Le chemin du paradis

Qu’est ce qu’on attend pour être heureux ?

Il n’était pas rare, à l’époque, c’est à dire à l’âge d’or du briandisme et de la réconciliation avec l’Allemagne, que le même film fût tourné en deux versions, l’une et l’autre reprenant le même décor, la même anecdote, la même intrigue, la même musique et employant des acteurs pour la plus grande partie différents, chacun jouissant d’une notoriété dans son propre pays, ce qui permettait de diffuser l’œuvre au delà de sa zone de diffusion naturelle. Dans Le chemin du paradis (en allemand Die Drei von der Tankstelle), la vedette, c’est l’anglo-allemande Lilian Harvey qui acquit là une belle notoriété, brisée plus tard par l’évolution de la Germanie.

Le film de Wilhelm Thiele, assisté en France par Max de Vaucorbeil, est une de ces charmantes opérettes irradiantes de gaieté qui emplissaient les années Trente. Gaieté forcée, gaieté artificielle, gaieté superficielle, tout ce qu’on voudra, gaieté qui s’efforçait d’oublier le carnage de la Grande guerre et de ne pas voir la survenue de la crise économique, le raidissement des impérialismes et la faiblesse complice des démocraties. Mais enfin il y a beaucoup dans le cinéma (et aussi dans la chanson) de l’Entre-deux-guerres une sorte de griserie aussi absurde que compréhensible. Une gaieté qui n’a, au demeurant, rien à voir avec celle d’aujourd’hui, qui est toute construite de sarcasme et de dérision, une gaieté tout simplement gaie, qui sera celle des orchestres de Ray Ventura ou de Fred Adison ou des rengaines de Georges Milton (J’ai ma combine) ou d’Albert Préjean (Amusez-vous, foutez-vous de tout !).
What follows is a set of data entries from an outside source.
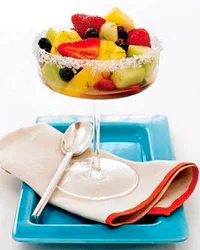 https://image.sistacafe.com/w200/images/uploads/content_image/image/372331/1497848469-margarita-fruit-cocktail_slideshow_image.jpg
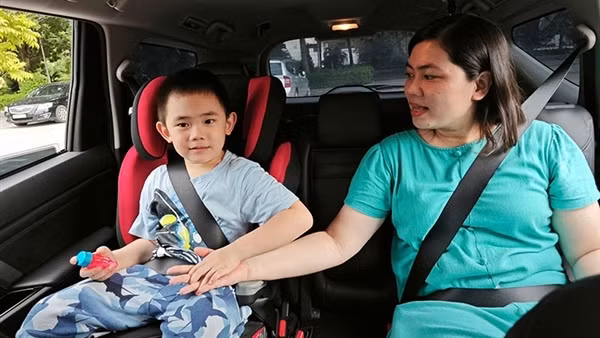 Quy định mới về thiết bị an toàn cho trẻ em trên ôtô: Giảm thiểu rủi ro và khả thi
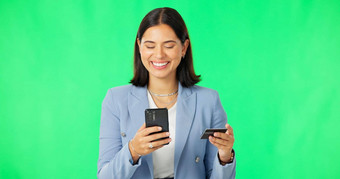 业务女人电话信贷卡绿色屏幕在线购物电子商务购买工作室背景快乐女智能手机事务银行金融模型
Sur un scénario mince comme une libellule anorexique, voici un fort gentil film, fait pour amuser au samedi soir le populo bon enfant et le faire remonter dans son sixième sans ascenseur et avec le lavabo dans le couloir avec l’œil qui s’illumine. D’abord trois garçons sympathiques, jeunes décavés qui viennent de perdre leur fortune après une banqueroute. Il y a là Jean (René Lefèvre), Guy (Jacques Maury) et surtout Willy (Henri Garat), unis comme les doigts de la main. Vendant le seul bien qui leur reste, une belle Torpédo, ils décident, pour subsister, de créer une station-service, fréquentée bientôt par la ravissante et richissime Lilian Cossmann (Lilian Harvey) qui, coquette comme pas deux, enflamme tour à tour les cœurs des trois amis, chacun se croyant bénéficier de ses faveurs et se réjouissant d’une bonne fortune ignorée de ses amis.
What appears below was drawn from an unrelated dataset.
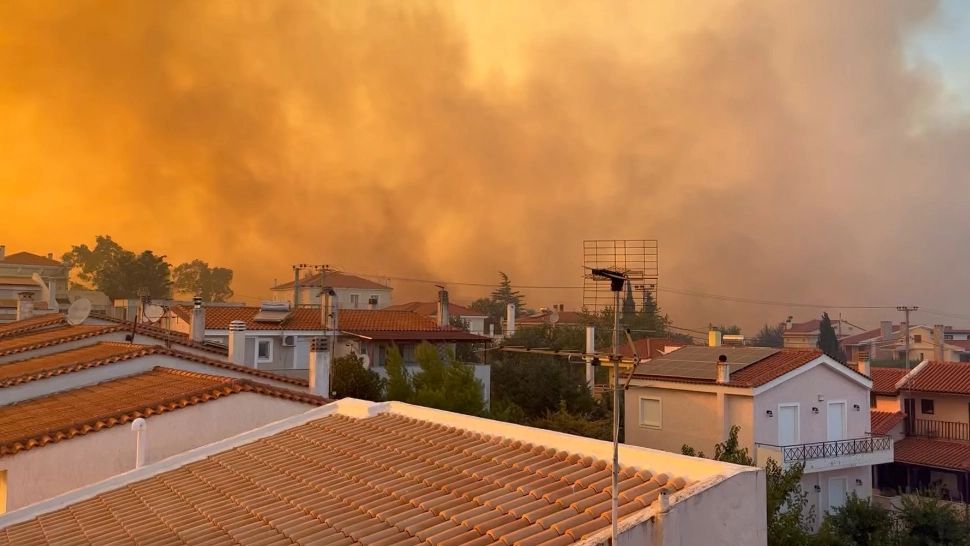 Incendii masive în destinațiile preferate ale turiștilor. Țări din Europa, în alertă din cauza temperaturilor ridicate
On peut tout à fait passer sur les péripéties de l’intrigue, qui n’ont rien d’haletant, ni de surprenant, mais sont tout de même bien menées, allègres, banales mais amusantes. On n’aura pas de peine à vite comprendre que la charmante Lilian et Willy, le plus séduisant garçon du trio, après quelques algarades, trouveront les douceurs de l’hyménée et que, malgré cette entorse à l’amitié qui veut qu‘Avoir un bon copain, voilà c’qu’y a d’meilleur au monde, les trois amis poursuivront leur camaraderie et connaîtront succès et fortune.
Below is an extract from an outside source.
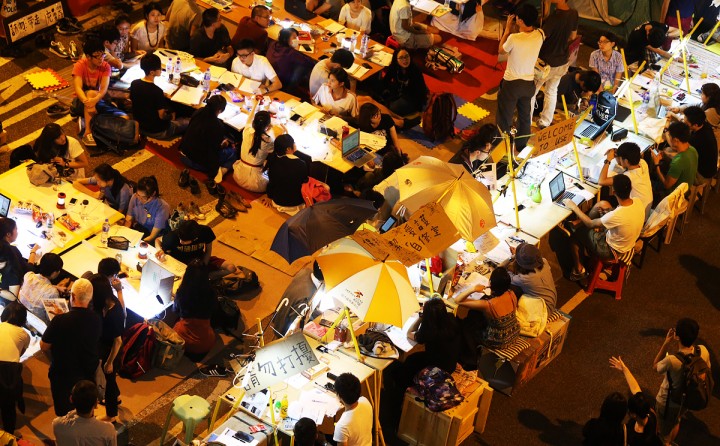 Photo: Students hold a cram class at the Admiralty sit-in (13 October 2014) by staff reporters, South China Morning Post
Mais précisément, c’est avec cet Avoir un bon copain, si allègre et si rayonnant et le reste de la musique écrite par Werner Heymann (auteur, plus tard de cet Amusez-vous que j’évoquais plus avant) que Le chemin du paradis peut demeurer un peu dans les mémoires. Si je ne suis pas très convaincu par Tout est permis quand on rêve, un peu trop mièvre et passe-partout, je trouve le thème-titre Le chemin du paradis repris plusieurs fois sous des rythmes et selon des modalités différentes une véritable qualité ; je note d’ailleurs que, sous son titre allemand, Hallo, du süße Frau, fahr’ nicht allein, il a été plusieurs fois interprété et même récemment repris. Et la séquence finale- la parade, pourrait-on dire -, ses girls et sa joie est vraiment très réussie.

Je ne voudrais induire en erreur personne par la relative hauteur de ma note : pour apprécier Le chemin du paradis, il faut avoir des faiblesses pour ce cinéma à la fois naïf et roublard des années Trente, trouver les chemins de France aussi séduisants que dans Prends la route de Jean Boyer et convenir que Lilian Harvey était vraiment ravissante. On n’est pas obligé.